Here is a recap of the first two sessions at Under the Radar.
The first session was a panel discussion where David Powers of Eli Lilly, Mark Bagley of Bristish Telecom and Steve Heck of Getty Images offered their take about Cloud Computing from the enterprise perspective. They discussed about the expectations and concerns of enterprises as they approach the idea of using the Clouds. Some of the takeaways from the session includes
- Companies have some expectations about how the cloud providers manage their infrastructure and its security. They are eager to know more about their operations before they commit to a provider.
- Even if the costs are not a major advantage, like McvKinsey Report tries to claim, the panelists felt that the speed of deployment advantage itself is good enough reason to move to clouds
- McKinsey Report was debunked using the Rental Car analogy put forward by Joe Weinman of AT&T. Panelists seemed to agree with this comparison
- It was felt that time to market is the key and Cloud plays a big role here
- David Powers nailed it about the question of putting the critical data on the Clouds. It is the mental shift stupid.
After the panel discussions, the first set of companies offered their presentations under the session title Cloud Platforms. I was pretty interested in this session because two of the Open Source companies presented here. The three companies that presented in this session are Abiquo, Eucalyptus and Zimory.

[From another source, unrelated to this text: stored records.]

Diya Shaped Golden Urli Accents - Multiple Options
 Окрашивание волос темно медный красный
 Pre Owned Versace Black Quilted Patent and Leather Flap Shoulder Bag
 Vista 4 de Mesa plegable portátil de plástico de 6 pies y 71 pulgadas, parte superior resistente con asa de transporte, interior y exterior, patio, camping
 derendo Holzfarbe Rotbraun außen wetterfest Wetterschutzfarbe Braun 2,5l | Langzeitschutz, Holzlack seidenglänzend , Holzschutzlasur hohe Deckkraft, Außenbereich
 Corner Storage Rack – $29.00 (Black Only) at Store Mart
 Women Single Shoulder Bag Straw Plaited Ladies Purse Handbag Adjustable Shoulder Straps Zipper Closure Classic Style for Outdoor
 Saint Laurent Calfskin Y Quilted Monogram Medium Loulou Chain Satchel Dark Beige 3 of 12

I will list out some interesting titbits from the vendor presentations here.
Abiquo: Looks like they are the onloy company to support Open Virtualization Format. They support Open Source and Open Architecture. They plan to make money by offering support services and some premium offerings. The installation of their software can be done in under 2 minutes.
Eucalyptus: The Open Source company incubated in the Univerisyt of California, Santa Barbara is now a commercial entity. They support multiple APIs including Amazon. Under Linux, it can be installed under 5 steps. They are pretty excited about Ubuntu’s move.
Zimory: They are not an Open Source company unlike the previous two but they have an unique offering. They help manage computing capacities. The interesting part is they also act as a marketplace for companies to buy and sell computing resources. It is possible to manage internal and external resources. The interesting titbit, which was aptly noted and termed forward thinking by one of the judges, is that it is possible for enterprises to share unused resources with other enterprises who are in need of such resources. In a way, they can help every enterprise do what Amazon is doing, selling the unused resources and make some extra bucks.